For just those deadbeats, the total delinquency is $1.2 million. Add in those who are behind but less than two years behind, and that’s at least tens of thousands of dollars more.
It raises the question of whether the fee-paid system will ever work well given the lack of leverage the county seems to have in compelling people to pay. The history is not encouraging.
When the county in 1995 started house-to-house collection, a marked improvement from the large unsightly bins that previously were used for garbage disposal, it contracted out with a private firm to handle it. That didn’t last, in large part because the private firm said it had to jack up its rates about 40 percent to offset the losses from non-paying customers.

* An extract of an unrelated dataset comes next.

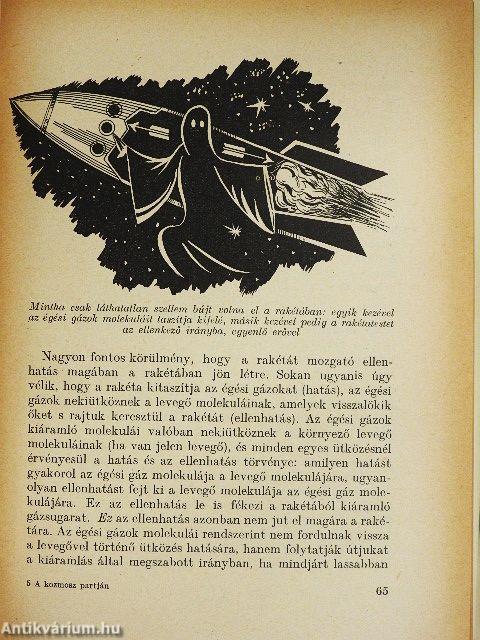 A kozmosz partján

In 1997, with the strong encouragement of Sam Abraham, who had been elected chancery clerk about a year earlier, the county took over the responsibility of garbage collection. Over time it even cut the rates. When adjusted for inflation, the $8.50 per month the county presently charges is almost 50 percent less than what it was charging in the first year of county-operated collection.
County residents are getting a great deal. Greenwood charges $20 a month for the same once-a-week collection and Carroll County $15.

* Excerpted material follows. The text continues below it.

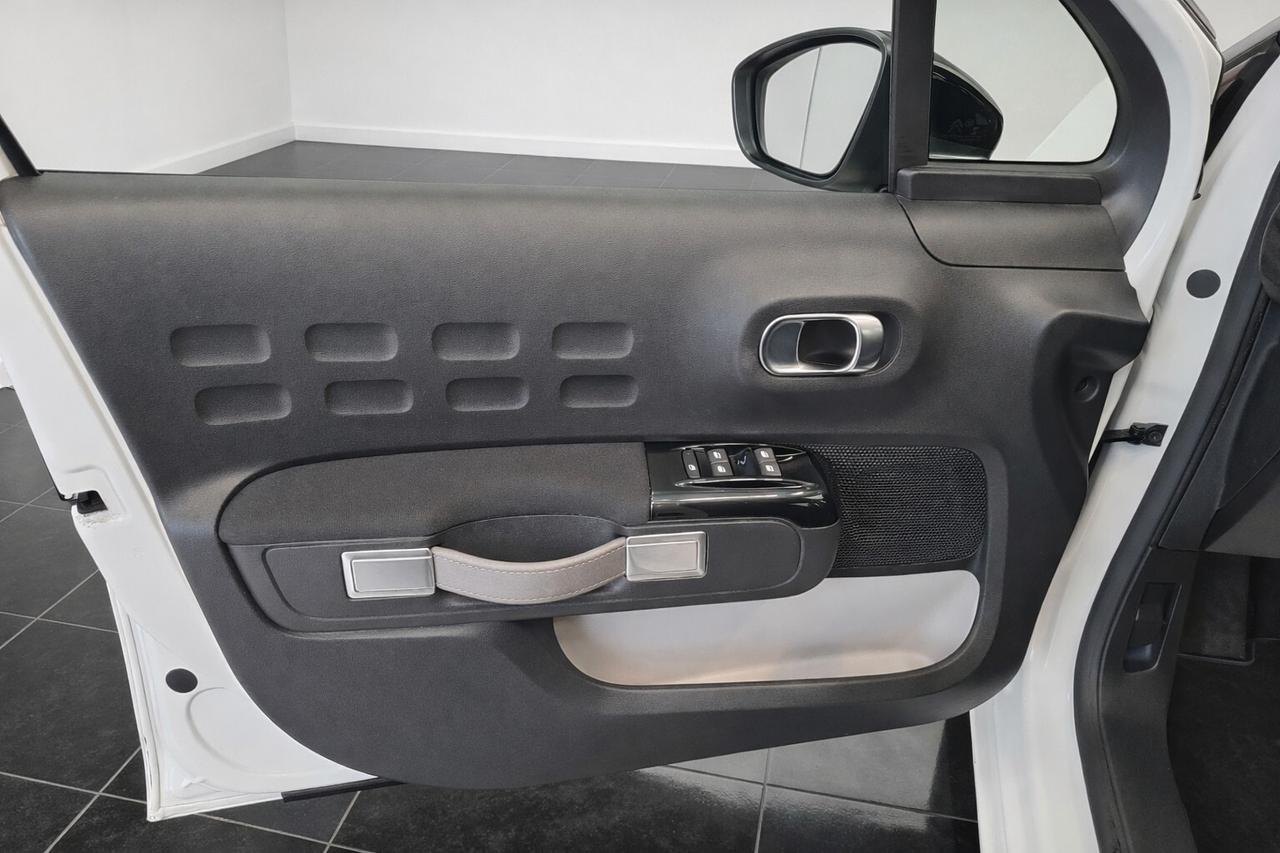 Citroen C3 PureTech 82 Shine NAVI TEL BICOLORE NEOPATENTATI CAMERA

Until recently, according to Abraham, who is now a supervisor for District 1, the modest garbage fees were more than enough to cover the costs of pick-up and disposal, but the high delinquency rate is starting to be felt. Costs are exceeding revenue, and the surpluses that had built up in the garbage fund are eroding. If that’s not reversed soon, the rates will have to go up, or the county will have to subsidize garbage collection from its general fund, something Abraham says it hasn’t had to do in at least 15 years.
His answer is to hire a collection agency to go after the past-due customers and to let it tack on to the customers’ bills the 25 percent or so charge for its trouble. The supervisors looked at such an arrangement a couple of years ago but backed off because the majority didn’t want to pass on to residents the collection agency’s fee, feeling they couldn’t afford it.

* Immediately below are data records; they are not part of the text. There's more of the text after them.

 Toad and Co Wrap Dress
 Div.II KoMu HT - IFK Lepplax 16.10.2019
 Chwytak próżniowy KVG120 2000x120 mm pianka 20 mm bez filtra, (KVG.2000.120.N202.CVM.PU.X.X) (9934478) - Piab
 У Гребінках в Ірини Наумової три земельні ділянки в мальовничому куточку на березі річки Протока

It’s questionable, though, whether a collection agency will have much luck, even if the county can find one interested in chasing after so many small accounts.
The problem the county has is there’s not much muscle at its disposal to collect these bills. Unlike Greenwood, which uses Greenwood Utilities to collect the garbage fee and can have your water and electricity turned off if you don’t pay, the county’s only real threat is to hold a deadbeat’s car tag. Given the high percentage of delinquent accounts, obviously that’s not been a very effective stick.
Another idea, and one already used in some counties, is to scrap the fee-paid system and instead tack the cost of solid waste disposal onto the property taxes of those who own homes or have businesses where the garbage is collected.
Even though landlords could pass on the cost of the tax increase to their renters, Abraham doesn’t like the idea because it would result in those with more taxable property — businesses, farmers and wealthy homeowners — subsidizing those toward the bottom of the income ladder.
Although he has a point about fairness, the cost of a lot of government operations are spread around. People who live in densely populated residential neighborhoods subsidize the cost of keeping up roads worn out by heavy farm equipment in thinly populated areas. Families that have no children in the public schools pay taxes to educate those who do.
Besides, presently those who pay the garbage fees are already subsidizing those who don’t. They are going to be subsidizing them even more if the rates go up.
The county has to get the money somehow. It seems a lot more efficient to get it once a year rather than $8 or $9 at a time.